- Born: November 2, 1986 (age 39) Philadelphia, Pennsylvania, U.S.
- Education: Temple University (BA)
- Occupations: Journalist Radio host
- Known for: Philadelphia Eagles reporter for 94.1 WIP

= Eliot Shorr-Parks =

American journalist and sports radio personality (born 1986)

Eliot Shorr-Parks (born November 2, 1986), also known as ESP, is an American journalist, author and sports radio personality for 94.1 WIP in Philadelphia. He is WIP's beat reporter for the Philadelphia Eagles. Prior to joining WIP, Shorr-Parks was the Eagles beat reporter for NJ.com.

==Early life==
Shorr-Parks was born on November 2, 1986, and grew up in Philadelphia.

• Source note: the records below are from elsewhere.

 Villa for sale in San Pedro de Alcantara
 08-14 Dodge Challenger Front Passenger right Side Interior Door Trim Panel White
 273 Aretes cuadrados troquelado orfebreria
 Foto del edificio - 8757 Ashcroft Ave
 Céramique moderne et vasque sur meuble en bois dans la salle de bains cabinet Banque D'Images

His father Steve Parks is a writing professor at the University of Virginia. His mother, Lori Shorr, is former Chief Education Officer for Philadelphia and is currently a professor at Temple University. Shorr-Parks graduated from Central High School in Philadelphia. He attended Juniata College from 2006 to 2008, but transferred to Temple University and graduated with a degree in broadcast journalism in 2011.

==Career==
After graduating from Temple, Shorr-Parks worked as an intern for Gcobb.com, which allowed him to begin covering the Eagles.

Shorr-Parks began covering the Eagles for Daily Local News in 2011. He joined SB Nation the next year as their Eagles beat reporter for Bleeding Green Nation.

In 2012, at age 24, Shorr-Parks published the book More Than a Game: Life Lessons from Philadelphia's Sports Communities. Written over a period of two and a half years, the book includes more than 30 stories of the impact of sports in Philadelphia. Areas covered in the book included the Sonny Hill Basketball League.

From 2012 until 2018, Shorr-Parks was the Eagles reporter for NJ.com. There he also hosted their Eagle's podcast The No-Huddle Show for three years. In 2014, Shorr-Parks wrote a bombshell article revealing that the Eagles had concerns regarding wide receiver DeSean Jackson and his gang connections. Minutes after the story broke, the Eagles released Jackson. In 2024, on The 25/10 Show, Jackson went into the details leading up his controversial release, namely how he supported the legal defense a childhood friend, his own clean record, and how the article unfairly damaged his reputation. The sports podcast requested an apology from Shorr-Parks.

Shorr-Parks joined 94.1 WIP in 2018 and serves as their beat reporter on the Eagles. He is a frequent contributor to the station's shows. He also hosts Go Birds, an Eagles podcast, and Go Birds Radio, a weekly Saturday Eagles radio show on 94.1 WIP. Additionally, Shorr-Parks hosts The Best Football Show, an Audacy podcast.